Am nächsten Morgen nehme ich mit den beiden anderen Gästen – Shane und Rita, zwei echte Australier – den 4700m hohen Cotopaxi-Nachbarberg Ruminayhui in Angriff. Für sie ist es ein Test, denn viele Touris zahlen zwar 250 $ für eine Tour auf den Cotopaxi, kommen dort ob der Höhe und Anstrengung aber nie an. Die Höhensonne begleitet uns auf dem erst leicht ansteigenden Weg durch karge Steppenlandschaft, weshalb ich mich vorsorglich alle halbe Stunde mit Sonnencreme einschmiere. Der Wind weht bereits kräftig, und wenn es etwas steiler wird geht der Puls auch schnell auf Progressive-Techno-Frequenz. Anspruchsvoll wird es jedoch nur an einer Stelle, an der wir um einen Felsen herumklettern müssen: links etwa 200 Meter Abgrund und von vorne etwa 200 km/h Wind. Mit beginnenden Kopfschmerzen erreichen wir dank der soliden Pace unseres Guides nach 2 statt 3 Stunden den „summit push“. Von da an geht es
noch etwa 100m felsig hoch, ehe der Australier seine Miniatur-Flagge auf dem Gipfel befestigen kann. Die Aussicht und Endorphine sind fantastisch, in rasender Geschwindigkeit ziehen Wolken an uns vorbei, weshalb wir auch recht bald den Abstieg beginnen. Da dieser uns durch sandige „Galleries“ führt, können wir den Berg praktisch runterlaufen – Sandboarding lässt grüßen. Auf halber Strecke machen wir mit frischem Minztee und Sandwiches Rast, ehe es noch zwei Stunden durch den Nationalpark geht. Im Hostel zurück steht für uns schon der vorgeheizte Whirlpool bereit – da dieser am Hang gelegen und mit Glasfront versehen ist, können wir entspannt unserem Berg-Tageswerk bei einem Bierchen ins Auge blicken. Zu allem Überfluss und zur Unterstreichung der These, dass Ecuador einfach voll mit Deutschen ist, gesellen sich auch noch zwei Kölnerinnen, die geradewegs aus Banos kommen, zu uns in den Pool. Von Raub, Baum-Fesseln und Vergewaltigungen haben sie dort seltsamerweise nichts bemerkt.

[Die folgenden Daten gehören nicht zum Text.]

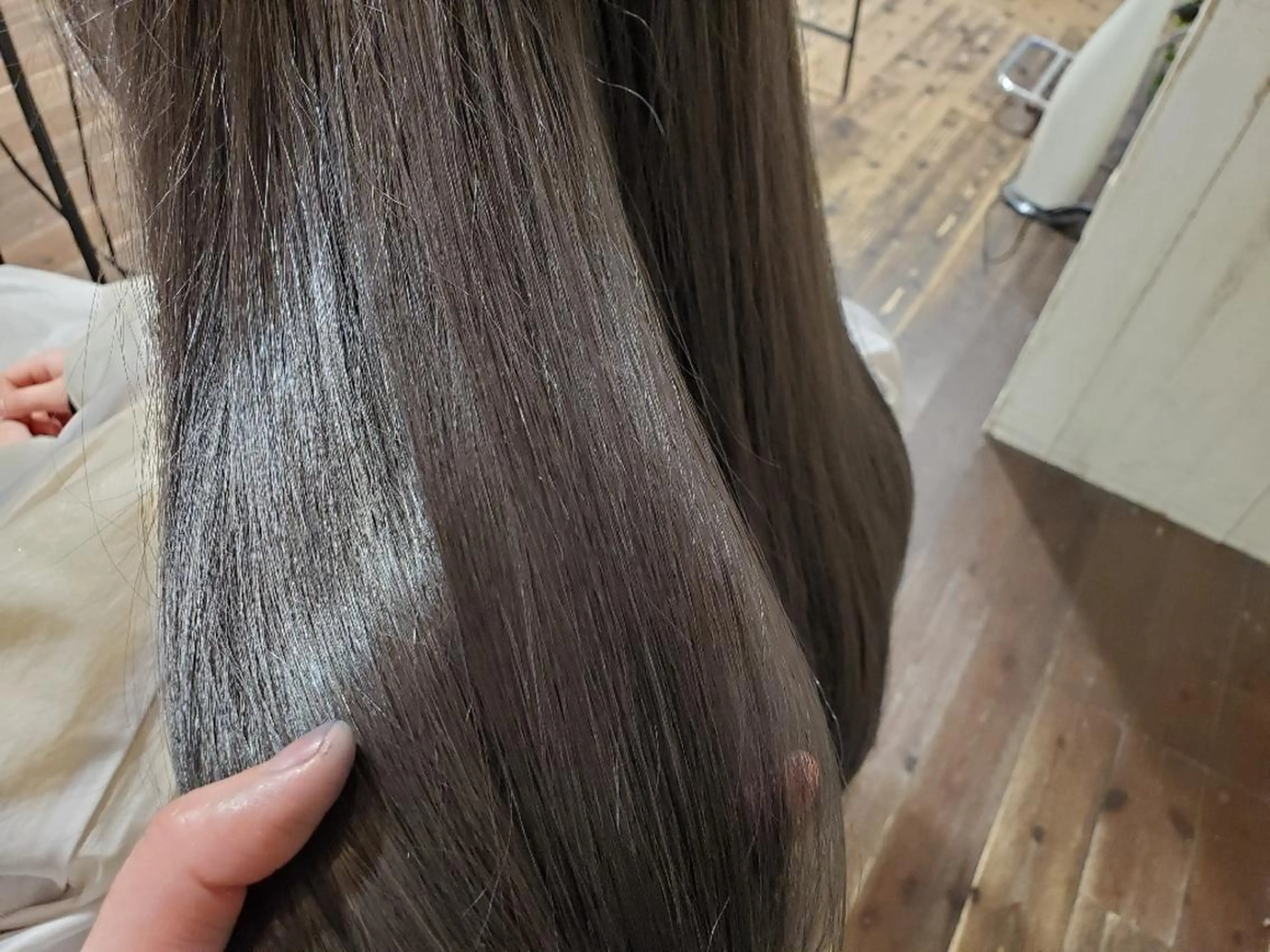 ロング カラー ヘアカラー ヘッドスパ パ ルのヘアスタイル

Das Gespräch beim exzellenten Abendessen hat Slapstick-Charakter: Nachdem Shane erzählt, dass er den von seiner Mutter geliebten Hahn, da er ihm einfach zu früh krähte, kurzerhand erschossen hat, als diese grade zum Einkaufen war, fragt er mich, warum ich Vegetarier sei. Glücklicherweise lassen Kölner keinen allein, und so weiß die
Vegetarierin der beiden mit der philosophisch bedeutenden Frage abzulenken, ob Vegetarier Sperma essen dürfen. Sie persönlich sähe das ja nicht so eng.

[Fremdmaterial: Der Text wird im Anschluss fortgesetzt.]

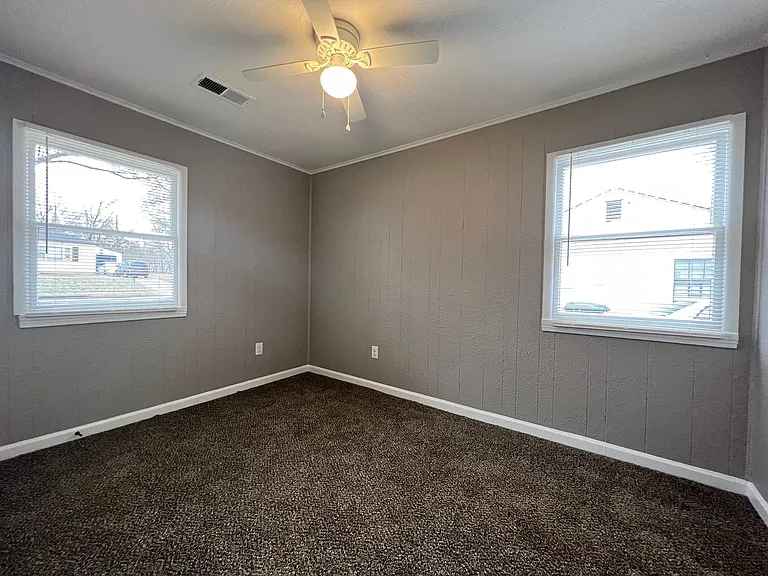 3577 Sunrise St — Photo 10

Nachdem wir diese Thema geklärt haben finde ich tatsächlich ein paar Kölner Karnevalslieder auf meinem Netbook, mit denen wir die anderen schnell vom Feuer vergraulen. Es mag vielleicht auch der Sprachbarriere liegen, aber ich habe ausnahmsweise mal keine Scham, den Rest des Abends deutsch zu reden – ganz nach Franzosen-Approach: Wer mitreden will, solls halt lernen.
Den nächsten Tag widme ich der Hängematte (sprich: Hammocking) und ruhe mich vor den 2500 km bis Huacachina aus, während der Nachtzug völlig unspektakulär und ohne (verbale) Entgleisung zum Halt kommt.